Amrullah Saleh, quien preside la Junta Directiva Nacional de Seguridad en Afganistán, dijo que los gobiernos extranjeros deberían presionar a Pakistán para que destruya las bases militantes al interior de sus fronteras.
Talibanes armados dispararon granadas propulsadas por cohete y pequeñas armas en un desfile estatal el domingo 27 de abril, enviando a Karzai, a su gabinete y a los más altos jefes militares, así como a diplomáticos extranjeros a refugiarse de inmediato.
Tres personas fueron asesinadas antes que las tropas afganas mataran a los tres atacantes talibanes.
Investigaciones llevadas adelante por las fuerzas de seguridad mostraron que al menos dos funcionarios de los ministerios del Interior y de Defensa estuvieron involucrados en el ataque, dijo Saleh. Los funcionarios sospechados de participar en el atentado fueron arrestados en los últimos días.
Pero añadió que tenían vínculos con al-Qaeda en Miramshah, región tribal de Pakistán cercana a la frontera con Afganistán, y tildó a la red terrorista de haber sido el ‘cerebro’ del ataque, el más descarado hecho por los talibanes desde su derrocamiento en el 2001.
“El rol de al-Qaeda y su involucramiento en el ataque es muy claro”, dijo Saleh en una conferencia de prensa.
“Tienen bases (en Pakistán). Son aprovisionados tanto financiera como logísticamente. Reciben entrenamiento muy sofisticado (…) Siempre hemos dicho que la presión en sus bases, combinada con nuestra inteligencia puede destruirlos”, añadió.

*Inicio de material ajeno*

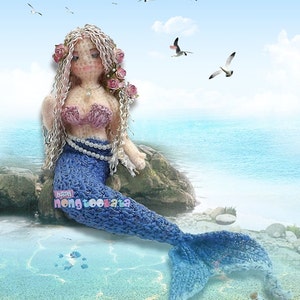 The little mermaid Pattern by nong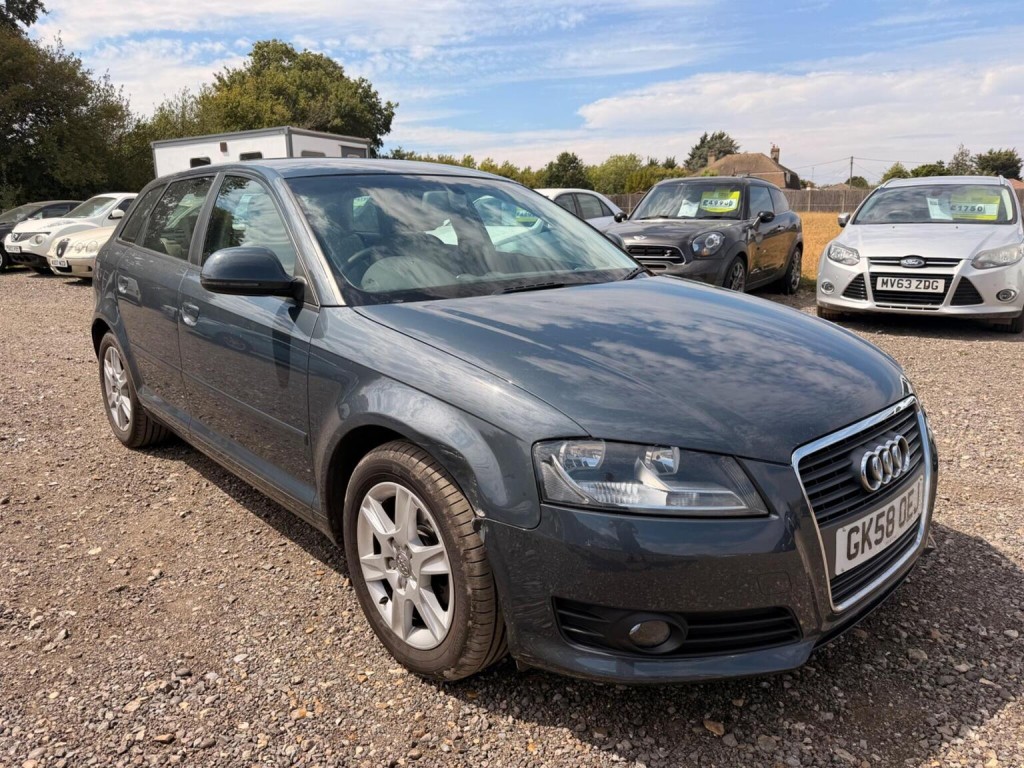 2008 Audi A3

Dijo con arrepentimiento que había “poca y a veces ninguna presión” sobre las bases de entrenamiento de militantes, refiriéndose indirectamente a Pakistán.
Más sofisticado
Mientras el Talibán ya ha llevado a cabo atentados suicidas esporádicos en Kabul, el ataque de la semana pasada, junto a un asalto de estilo de guerrilla a un hotel de cinco estrellas en la capital en enero, indican un modo más sofisticado de ataque.
El Talibán se ha comprometido a atacar Kabul este año como parte de su campaña para derrocar al gobierno de Karzai y hacer salir a los más de 55.000 efectivos militares extranjeros estacionados en el país.
El propio Pakistán, que ha visto ataques hechos por militantes durante el año pasado, dice que hace todo lo que puede para aplastar a al-Qaeda y otros militantes que huyeron hasta allí luego de la invasión liderada por EEUU que derrocó al gobierno talibán en Afganistán en 2001.